Gotta love the support you can find on the internet. I have semi-recently discovered the joys of pinterest, and that is probably why I have not posted much on here as of late. But anyways, I find it incredibly fulfilling when a complete stranger starts following one of my boards on pinterest. It makes me want to make my boards better and more interesting. I mean, I spend a LOT of time (probably too much) on pinterest, and I like feeling like all of that time is not wasted. That I am able to find these cool things that other people get joy out of…that in turn makes me happy. Win - Win.
In other news, Christmas is just around the corner and I have not really gotten anywhere with ANY of my Christmas craft/gifts. GAAAH! I am also on the fence on whether or not I should get an Etsy…not really sure how all of that works…if anyone has an Etsy and can tell me if it is a worth while investment then PLEASE let me know!

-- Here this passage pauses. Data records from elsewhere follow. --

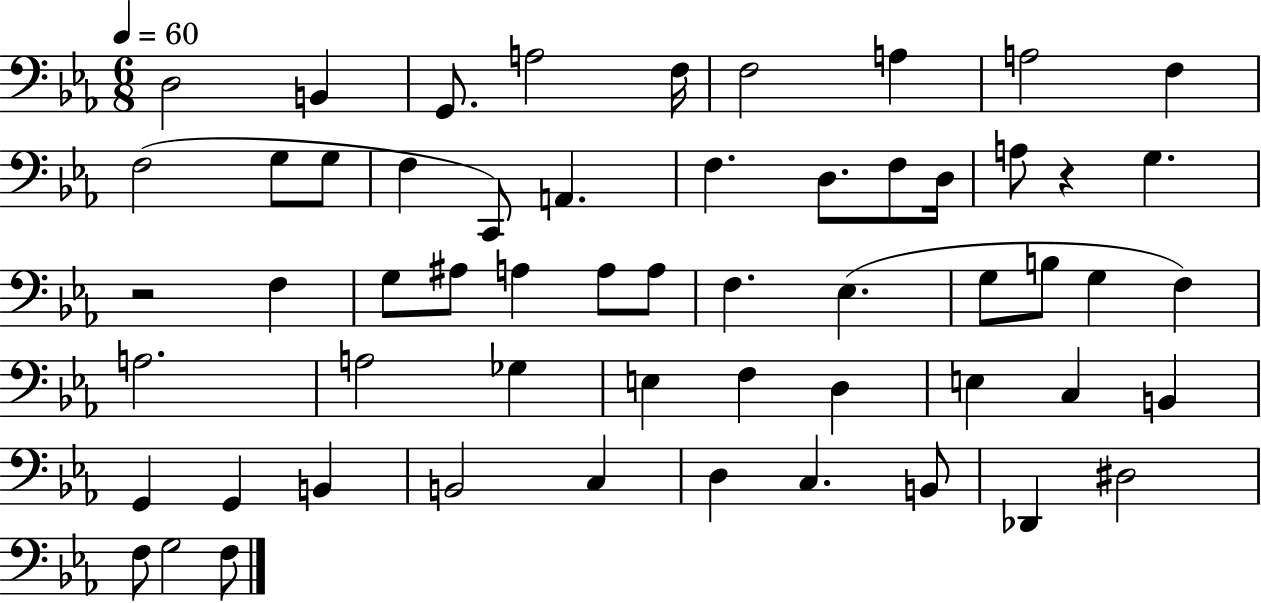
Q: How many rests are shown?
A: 2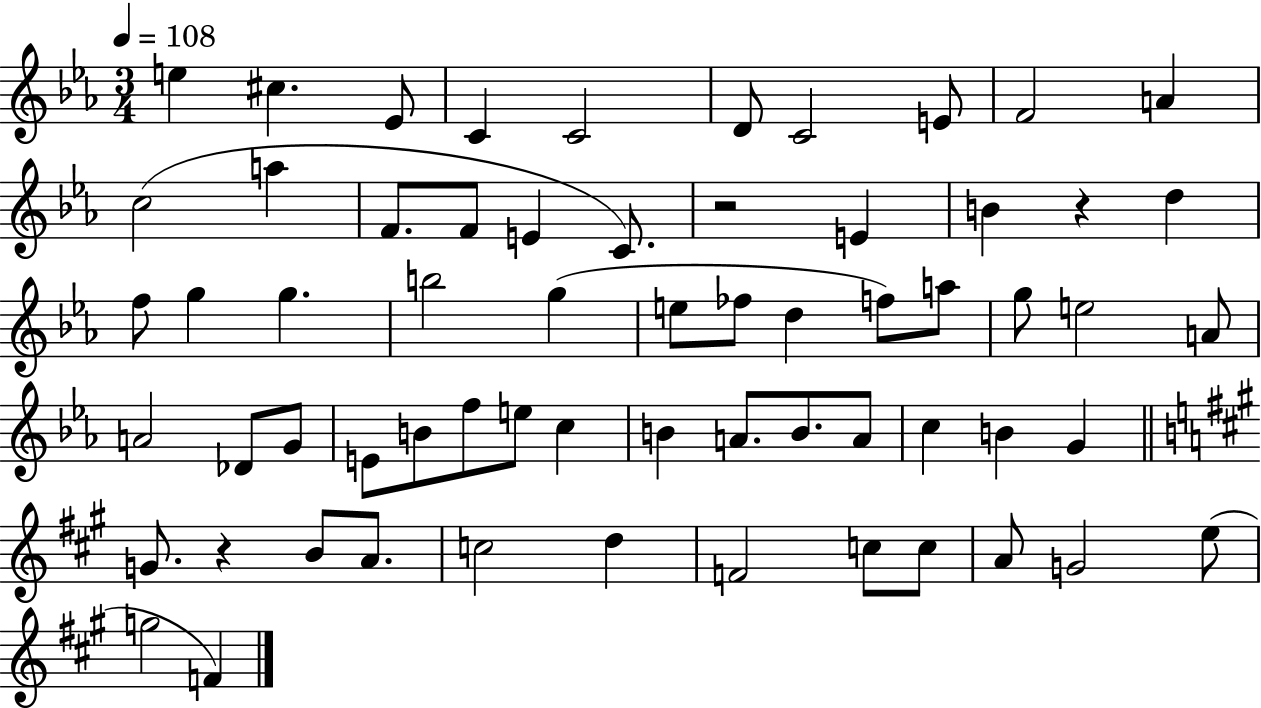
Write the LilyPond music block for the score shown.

{
  \clef treble
  \numericTimeSignature
  \time 3/4
  \key ees \major
  \tempo 4 = 108
  e''4 cis''4. ees'8 | c'4 c'2 | d'8 c'2 e'8 | f'2 a'4 | \break c''2( a''4 | f'8. f'8 e'4 c'8.) | r2 e'4 | b'4 r4 d''4 | \break f''8 g''4 g''4. | b''2 g''4( | e''8 fes''8 d''4 f''8) a''8 | g''8 e''2 a'8 | \break a'2 des'8 g'8 | e'8 b'8 f''8 e''8 c''4 | b'4 a'8. b'8. a'8 | c''4 b'4 g'4 | \break \bar "||" \break \key a \major g'8. r4 b'8 a'8. | c''2 d''4 | f'2 c''8 c''8 | a'8 g'2 e''8( | \break g''2 f'4) | \bar "|."
}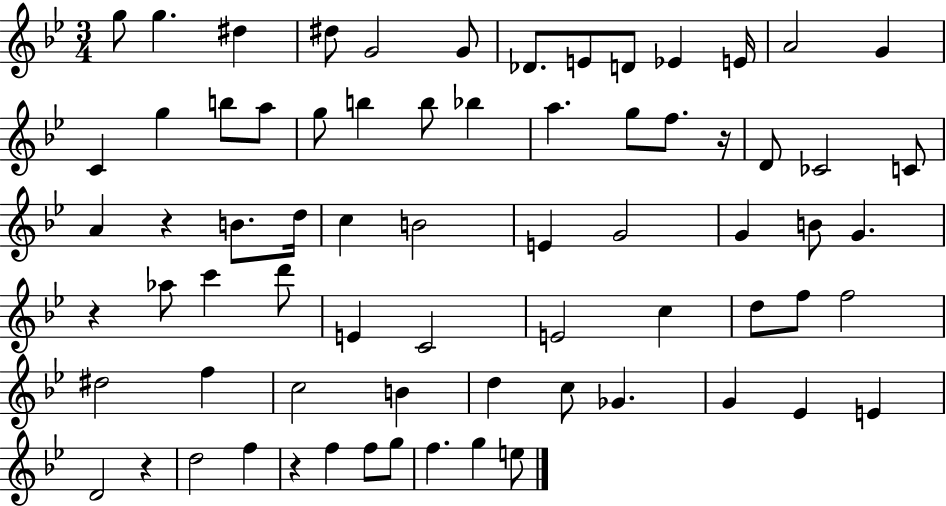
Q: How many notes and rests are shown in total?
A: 71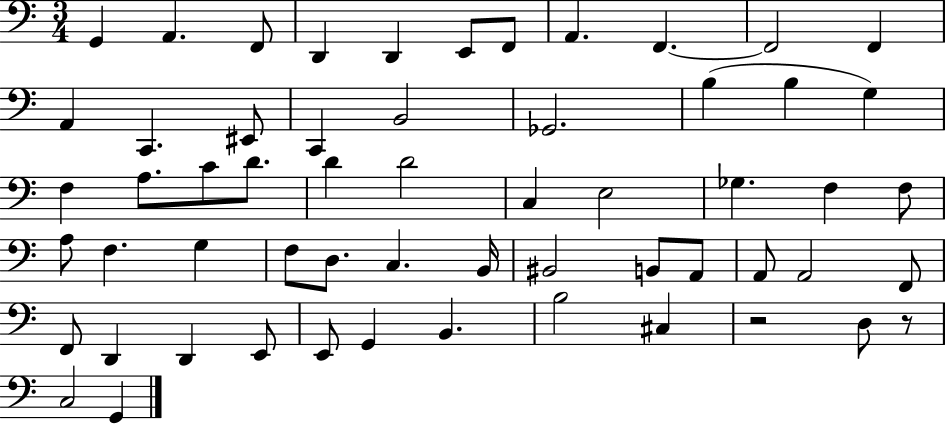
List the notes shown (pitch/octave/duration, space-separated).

G2/q A2/q. F2/e D2/q D2/q E2/e F2/e A2/q. F2/q. F2/h F2/q A2/q C2/q. EIS2/e C2/q B2/h Gb2/h. B3/q B3/q G3/q F3/q A3/e. C4/e D4/e. D4/q D4/h C3/q E3/h Gb3/q. F3/q F3/e A3/e F3/q. G3/q F3/e D3/e. C3/q. B2/s BIS2/h B2/e A2/e A2/e A2/h F2/e F2/e D2/q D2/q E2/e E2/e G2/q B2/q. B3/h C#3/q R/h D3/e R/e C3/h G2/q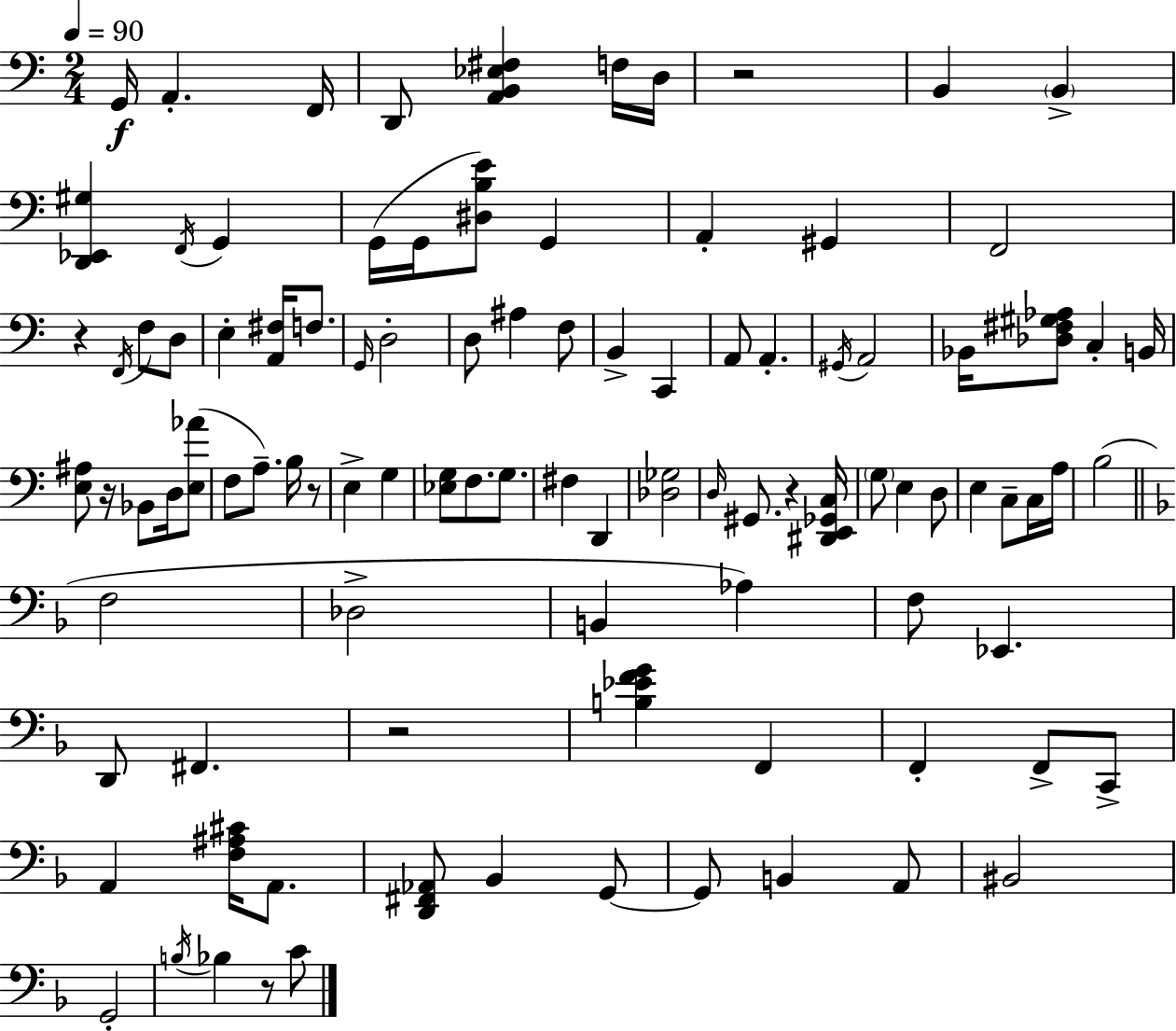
G2/s A2/q. F2/s D2/e [A2,B2,Eb3,F#3]/q F3/s D3/s R/h B2/q B2/q [D2,Eb2,G#3]/q F2/s G2/q G2/s G2/s [D#3,B3,E4]/e G2/q A2/q G#2/q F2/h R/q F2/s F3/e D3/e E3/q [A2,F#3]/s F3/e. G2/s D3/h D3/e A#3/q F3/e B2/q C2/q A2/e A2/q. G#2/s A2/h Bb2/s [Db3,F#3,G#3,Ab3]/e C3/q B2/s [E3,A#3]/e R/s Bb2/e D3/s [E3,Ab4]/e F3/e A3/e. B3/s R/e E3/q G3/q [Eb3,G3]/e F3/e. G3/e. F#3/q D2/q [Db3,Gb3]/h D3/s G#2/e. R/q [D#2,E2,Gb2,C3]/s G3/e E3/q D3/e E3/q C3/e C3/s A3/s B3/h F3/h Db3/h B2/q Ab3/q F3/e Eb2/q. D2/e F#2/q. R/h [B3,Eb4,F4,G4]/q F2/q F2/q F2/e C2/e A2/q [F3,A#3,C#4]/s A2/e. [D2,F#2,Ab2]/e Bb2/q G2/e G2/e B2/q A2/e BIS2/h G2/h B3/s Bb3/q R/e C4/e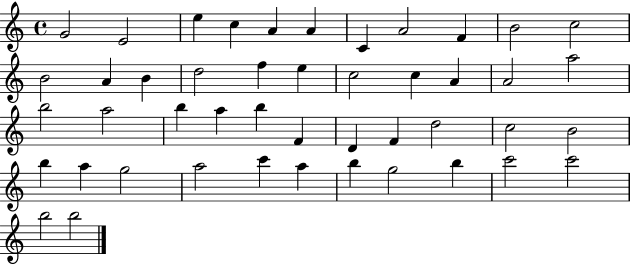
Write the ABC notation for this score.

X:1
T:Untitled
M:4/4
L:1/4
K:C
G2 E2 e c A A C A2 F B2 c2 B2 A B d2 f e c2 c A A2 a2 b2 a2 b a b F D F d2 c2 B2 b a g2 a2 c' a b g2 b c'2 c'2 b2 b2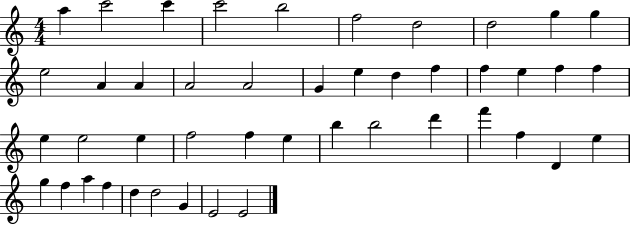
{
  \clef treble
  \numericTimeSignature
  \time 4/4
  \key c \major
  a''4 c'''2 c'''4 | c'''2 b''2 | f''2 d''2 | d''2 g''4 g''4 | \break e''2 a'4 a'4 | a'2 a'2 | g'4 e''4 d''4 f''4 | f''4 e''4 f''4 f''4 | \break e''4 e''2 e''4 | f''2 f''4 e''4 | b''4 b''2 d'''4 | f'''4 f''4 d'4 e''4 | \break g''4 f''4 a''4 f''4 | d''4 d''2 g'4 | e'2 e'2 | \bar "|."
}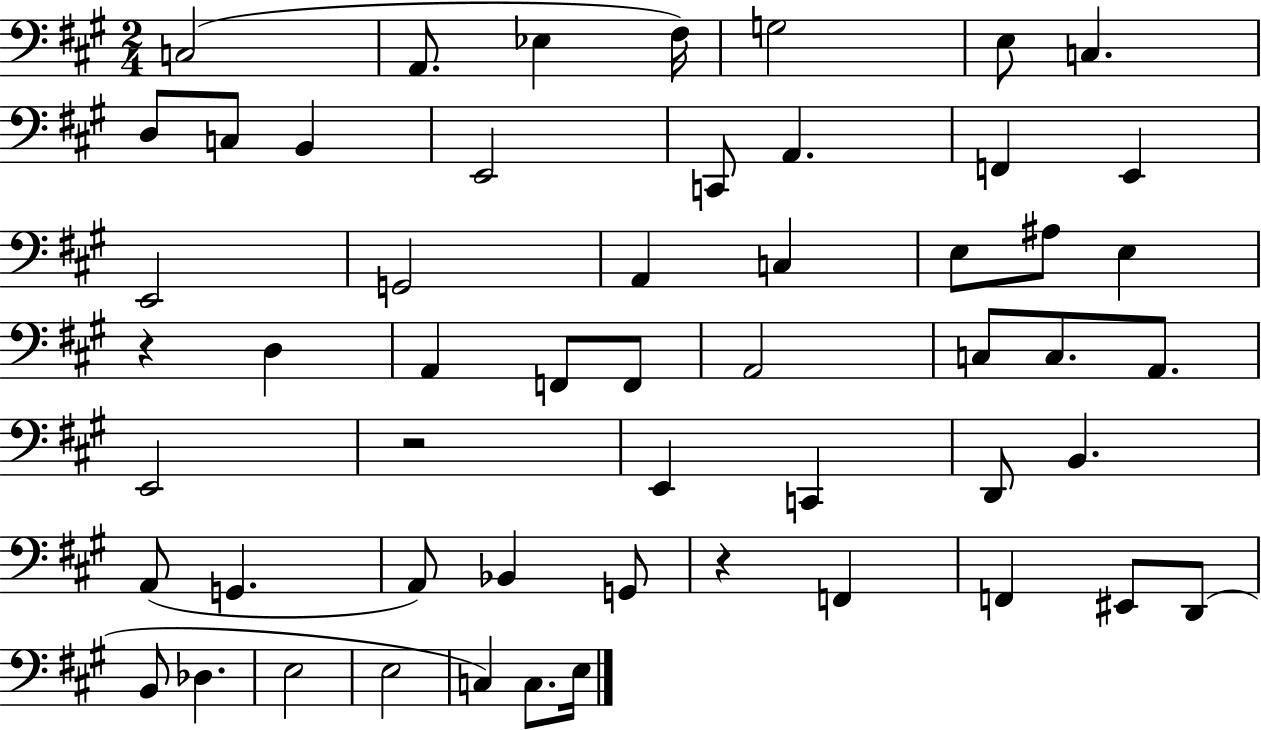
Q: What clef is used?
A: bass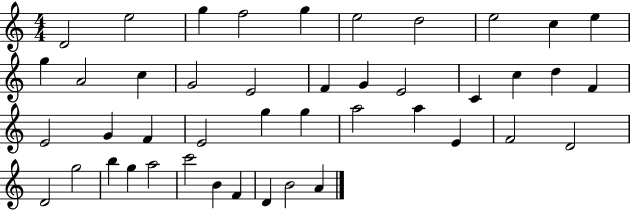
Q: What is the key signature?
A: C major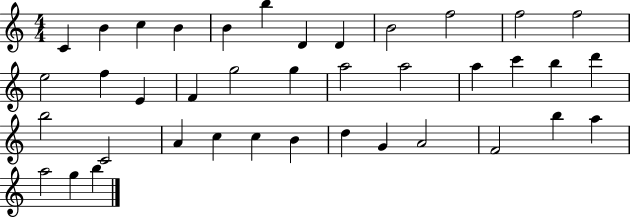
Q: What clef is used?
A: treble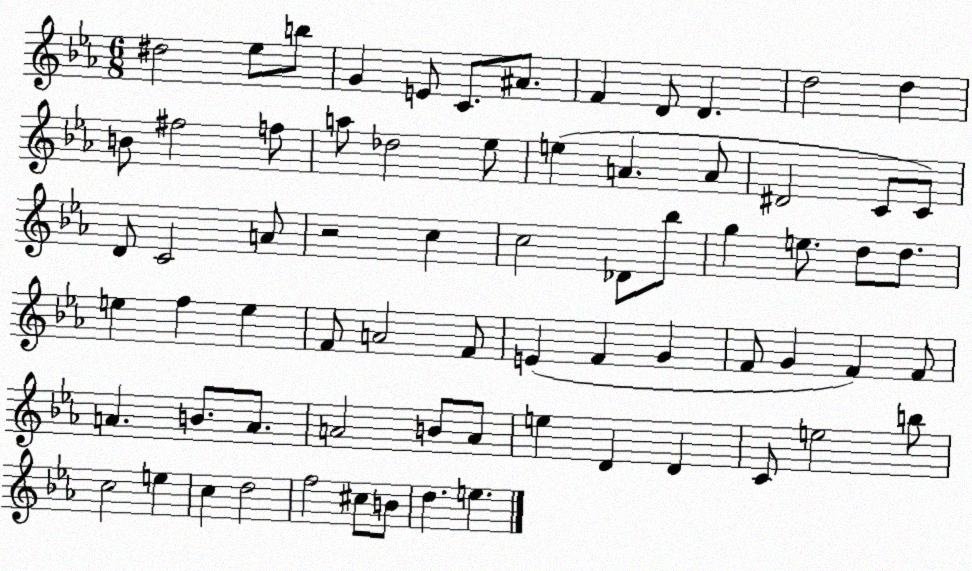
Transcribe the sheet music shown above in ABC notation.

X:1
T:Untitled
M:6/8
L:1/4
K:Eb
^d2 _e/2 b/2 G E/2 C/2 ^A/2 F D/2 D d2 d B/2 ^f2 f/2 a/2 _d2 _e/2 e A A/2 ^D2 C/2 C/2 D/2 C2 A/2 z2 c c2 _D/2 _b/2 g e/2 d/2 d/2 e f e F/2 A2 F/2 E F G F/2 G F F/2 A B/2 A/2 A2 B/2 A/2 e D D C/2 e2 b/2 c2 e c d2 f2 ^c/2 B/2 d e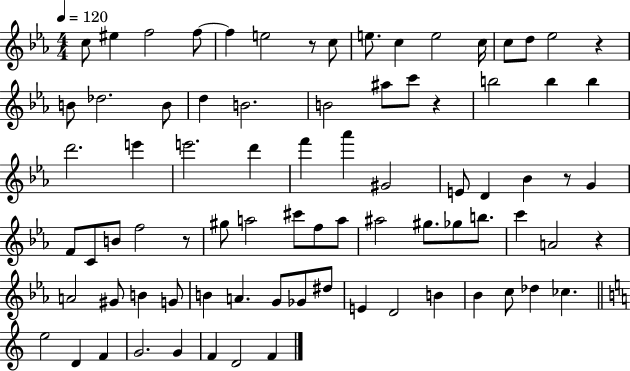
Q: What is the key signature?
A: EES major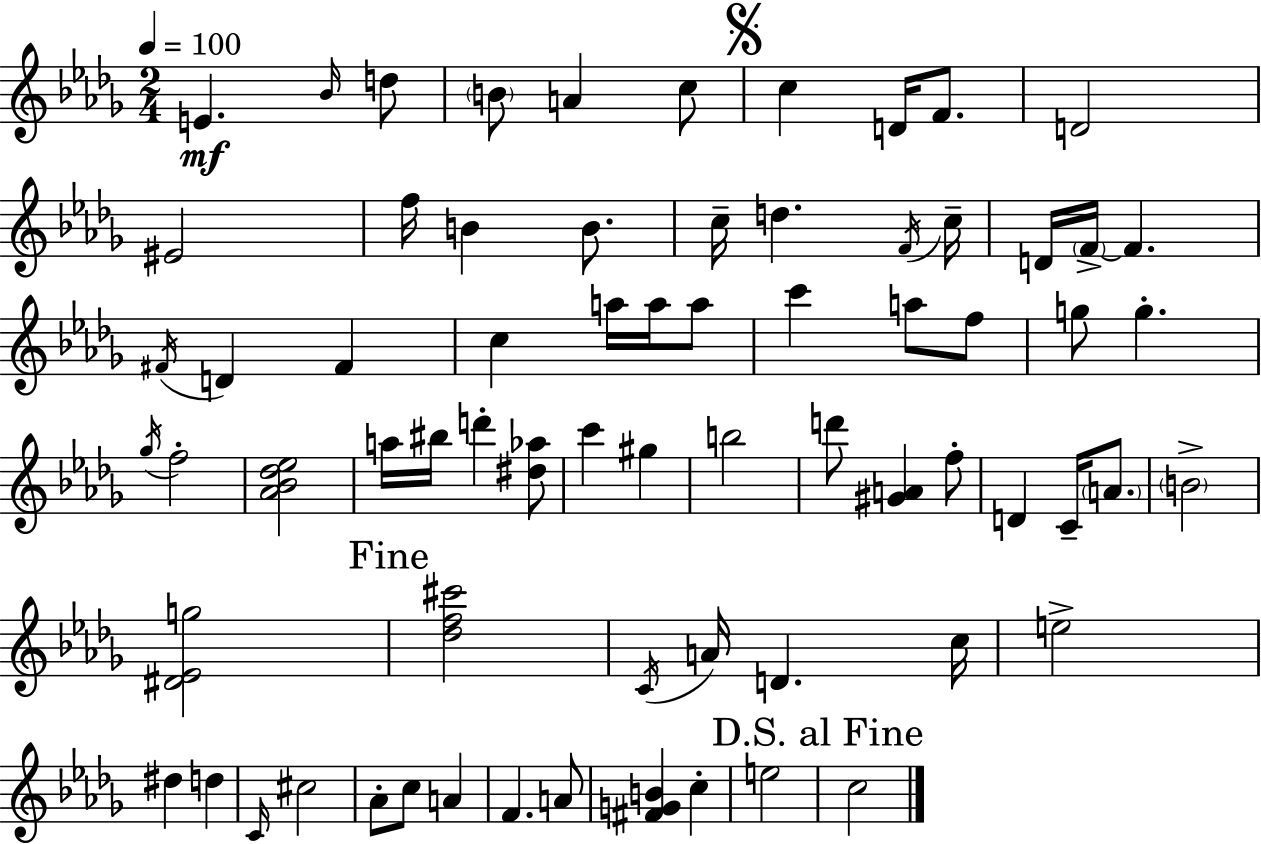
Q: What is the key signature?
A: BES minor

Well thanks for reading this, whoever you are. I enjoy getting “mail” so feel free to send me a message or something!
So 20 strangers enjoyed a picture I posted the other day, and I am feeling quite good about myself.
I mean, I thought that what Bryarly said was brilliant, and I wanted to share it with the internet. I didn’t think that many people would find it, and even if they did, I didn’t expect such a positive response. I think I even misquoted her! She said “that’s all video blogging is, just friendship for lonely people.” I don’t think anyone really noticed, but yeeeaaaah.
I am glad you all liked it, and hope to live up to the expectations of my few new followers! Hi guys! Hope you are well! :D
Okay, now I am going to go eat a chicken bake and take a nap! WOHOO!
This is why we love Bryarly.
Watched the new episode of Doctor Who. I am really not looking forward to the departing of the Ponds…I know it is going to be terrible. On the other hand though, Oswin is the greatest! I am glad that they introduced her early in a brilliant way. I have no clue how they are going to bring her back, but then again they never cease to surprise me!
Very glad that the Doctor rode a Triceratops. I saw a piece of fan art depicting such an occurrence, and I would have been disappointed if it hadn’t happened.
FINALLY watched Serenity recently as well. Way to go Whedon, for killing my favorite person YET AGAIN! Gaaaaaaaaaaahhhhhhhhhhhhh!!!!!!!!!! That man! What a terrible terrible genius! Moffat and Whedon must have gone to the same school of how to make fans love and hate you at the same time…
Now I have to read some Harry Potter while I listen to the Lord of the Rings soundtrack, and my Nerd cycle shall be complete.
Ta then suckaaas!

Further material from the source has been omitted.